Comparison of the throughput of three scenarios for classifying 1024 packets using Tuple Space

5 Conclusion

According to GDPR rules, the provision of an expected level of privacy and security in granting access privilege to the collected data from distributed subscribers of any virtual power plant is inevitable. Though this objective is possible by anonymization and pseudo-anonymization, due to its re-identification possibility, the latter is the more common approach in the ICT community.

In this paper, we presented a novel pseudo-anonymization method that is based on packet classification. In this method, the unionized data are first classified into specific flows regarding their source and destination addresses. At this step, a unique flow number is associated with each installation. The corresponding part of data that includes personal information is encrypted and stored in a secure database with the flow number as the key.

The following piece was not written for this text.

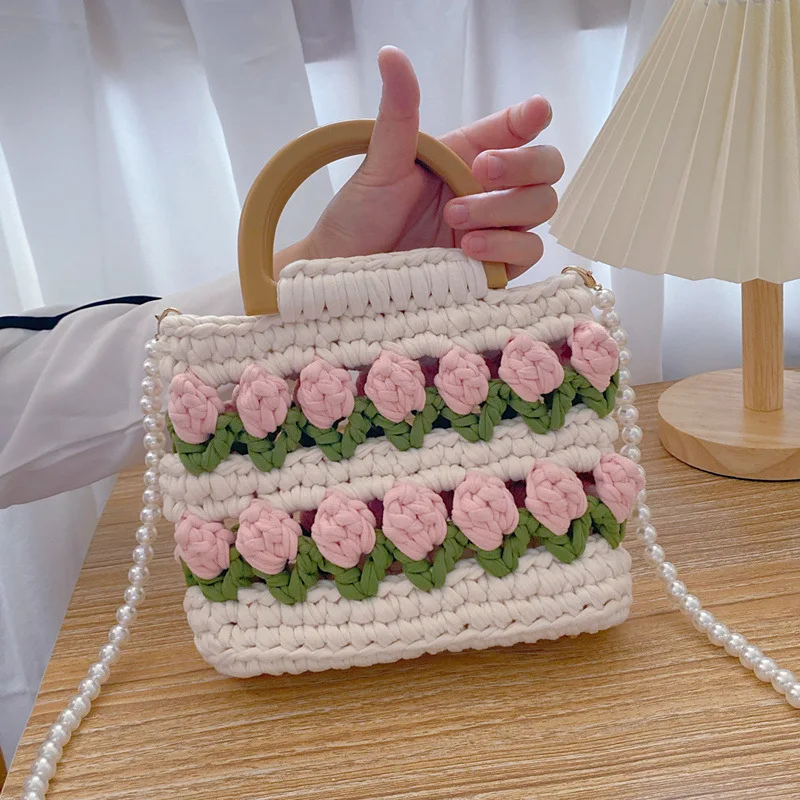 

Women Tote Bag Floral Crochet Large Capacity Knitted Bag Trendy Handmade Cut-out Boho Bag Vintage Multicolor Hollow Out Handbag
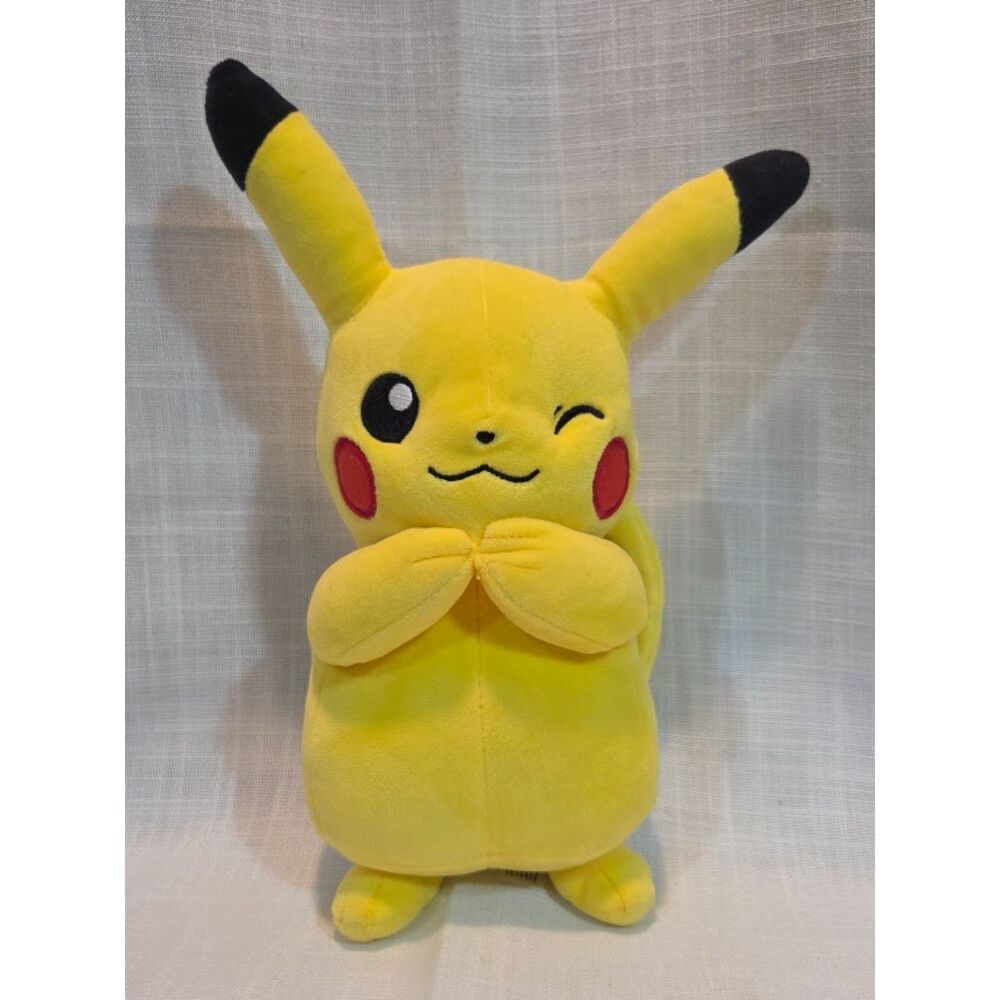 Pokemon Pikachu Winking Plush Stuffed Animal 10 Inch Yellow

Among different packet classification algorithms, tuple space algorithms were selected and its parallel version on a CPU cluster was constructed. A review of the works conducted in this field showed that implementations of these algorithms on single-processor systems have not yet achieved desirable throughput and speedup rates and the low processing capability of these systems tends to decrease performance. To overcome this issue, the present paper implemented the tuple space algorithm on a CPU cluster. The achievements of this study are as follows:

The tuple space algorithm was first implemented and executed in two scenarios on a quad-core system in a parallel mode. Parallelization in the first scenario was performed using OpenMP and, in the second scenario, MPI was used for distribution of packets and parallelization of the algorithm. The results show that MPI uses more memory but performs better than OpenMP. Next, the algorithm was implemented in two scenarios on a CPU cluster consisting of two quad-core systems. The evaluation results suggest that the first scenario (which used MPI alone) had better outcomes than the hybrid method (MPI-OpenMP). However, it should be noted that MPI uses more memory than OpenMP.

Overall, the findings of this study suggest that the best method for implementing the tuple space algorithm on a CPU cluster is to define the number of processes as equal to the number of systems in MPI and define the number of threads equal to the number of cores in each system. Thus, the highest possible throughput rate can be achieved, which means the largest volume of packets in the unit of time.

In future work, GPU Clusters or a combination of GPU and CPU clusters can be used to increase the speed of packet classification. Given the larger number of computational cores in GPUs, it is expected that packet classification speed will be significantly increased through the optimized parallelization of classification algorithms on GPU clusters.